THE STATE OF TEXAS, APPELLEE
On Appeal from the 361st District Court, Brazos County, Texas, H. G. Dalehite, Judge, Trial Court Cause No. 18,049-361.
COUNSEL
J. B. Williamson of LaPorte, for appellant.
Roger L. Ezell of Galveston, Texas, for appellee.
Panel consists of Justices Paul Pressler, Cannon, and Ellis.
Author: Pressler
Appellant was indicted for the felony offense of aggravated kidnapping, TEX. PENAL CODE ANN. ? 20.04 (Vernon 1974). Due to pre-trial publicity, the presiding judge in the case ordered a change of venue from Galveston County to Brazos County. After a plea of not guilty, a jury convicted appellant of the offense charged and assessed punishment at life imprisonment. We affirm.
On Memorial day, 1986, a nineteen-year-old woman left her job as a waitress on Galveston Island at about midnight and began driving along Interstate 45 towards her boyfriend's home in Texas City. Shortly before she entered the causeway to the mainland, two men in a Ford pickup truck began to annoy and follow her. Once across the causeway, they ran her car off the road. The two men then left their truck and approached the young woman's car. John Robert King, the co-defendant who is not a party to this appeal, walked up to the vehicle and broke out the driver's side window with his hand. He then reached into the car, opened the door and forced the young woman from the vehicle. Several eyewitnesses observed the woman's being dragged by her hair and forced into the truck. One passerby stopped to see if King needed any assistance but was told that it was a family problem and to stay out of it.

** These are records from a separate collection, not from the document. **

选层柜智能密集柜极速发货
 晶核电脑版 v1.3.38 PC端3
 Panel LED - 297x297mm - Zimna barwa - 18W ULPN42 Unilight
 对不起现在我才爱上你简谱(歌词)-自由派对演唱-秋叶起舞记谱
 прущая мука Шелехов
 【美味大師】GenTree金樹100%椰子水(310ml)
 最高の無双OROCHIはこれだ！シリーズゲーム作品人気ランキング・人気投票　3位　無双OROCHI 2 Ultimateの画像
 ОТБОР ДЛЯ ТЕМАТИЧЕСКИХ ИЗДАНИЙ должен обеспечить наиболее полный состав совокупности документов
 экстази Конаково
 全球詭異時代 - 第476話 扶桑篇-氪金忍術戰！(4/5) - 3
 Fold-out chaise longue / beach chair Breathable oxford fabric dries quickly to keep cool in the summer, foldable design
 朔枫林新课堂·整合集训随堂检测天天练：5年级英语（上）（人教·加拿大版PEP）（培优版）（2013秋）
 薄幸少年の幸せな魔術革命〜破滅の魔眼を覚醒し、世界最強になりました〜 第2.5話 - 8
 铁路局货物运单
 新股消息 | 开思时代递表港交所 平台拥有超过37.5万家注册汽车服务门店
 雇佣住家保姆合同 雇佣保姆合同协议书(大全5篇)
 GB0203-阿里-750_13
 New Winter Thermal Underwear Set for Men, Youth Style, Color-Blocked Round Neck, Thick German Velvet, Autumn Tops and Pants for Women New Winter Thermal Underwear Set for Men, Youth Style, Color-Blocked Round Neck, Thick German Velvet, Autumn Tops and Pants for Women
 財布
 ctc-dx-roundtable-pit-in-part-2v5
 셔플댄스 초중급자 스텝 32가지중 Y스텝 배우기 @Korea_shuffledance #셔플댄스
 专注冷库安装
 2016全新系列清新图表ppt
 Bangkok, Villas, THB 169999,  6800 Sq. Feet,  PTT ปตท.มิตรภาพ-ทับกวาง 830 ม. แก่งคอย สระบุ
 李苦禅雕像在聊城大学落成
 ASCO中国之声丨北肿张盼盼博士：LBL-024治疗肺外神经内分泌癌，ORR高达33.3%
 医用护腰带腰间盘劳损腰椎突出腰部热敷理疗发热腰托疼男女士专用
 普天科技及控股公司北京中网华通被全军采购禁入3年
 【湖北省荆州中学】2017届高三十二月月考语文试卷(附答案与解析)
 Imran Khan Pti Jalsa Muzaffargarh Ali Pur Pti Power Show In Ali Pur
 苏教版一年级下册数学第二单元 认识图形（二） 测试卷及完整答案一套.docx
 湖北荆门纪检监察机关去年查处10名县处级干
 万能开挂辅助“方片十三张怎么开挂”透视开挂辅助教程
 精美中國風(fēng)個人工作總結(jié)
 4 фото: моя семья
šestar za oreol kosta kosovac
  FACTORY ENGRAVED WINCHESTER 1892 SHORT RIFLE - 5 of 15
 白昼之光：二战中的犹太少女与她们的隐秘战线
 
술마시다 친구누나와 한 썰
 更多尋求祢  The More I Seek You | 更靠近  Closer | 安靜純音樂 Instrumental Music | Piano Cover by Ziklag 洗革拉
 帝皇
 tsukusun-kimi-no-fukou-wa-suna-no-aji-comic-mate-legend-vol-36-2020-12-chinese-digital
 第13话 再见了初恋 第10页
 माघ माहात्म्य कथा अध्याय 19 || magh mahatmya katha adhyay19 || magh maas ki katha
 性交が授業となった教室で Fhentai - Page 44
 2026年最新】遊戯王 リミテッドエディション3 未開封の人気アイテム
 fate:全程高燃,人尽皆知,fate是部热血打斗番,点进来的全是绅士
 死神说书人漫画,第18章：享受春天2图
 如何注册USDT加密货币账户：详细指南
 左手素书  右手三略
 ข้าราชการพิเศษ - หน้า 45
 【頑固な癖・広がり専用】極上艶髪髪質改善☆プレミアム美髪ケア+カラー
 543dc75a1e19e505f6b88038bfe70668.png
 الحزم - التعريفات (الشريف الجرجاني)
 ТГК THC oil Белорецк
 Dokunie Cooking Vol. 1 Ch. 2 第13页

This witness noticed a second man at the scene but was unable to identify him because of the distance and lighting. Additional witnesses saw the young woman fighting to get away and heard her cries for help, but none of the observers immediately reported the incident to the police. The appellant was not specifically identified by any witness as being at the scene. The abducted woman was later determined to be Shelley Sikes, and in spite of a massive investigation, the case remained unsolved for approximately thirteen months.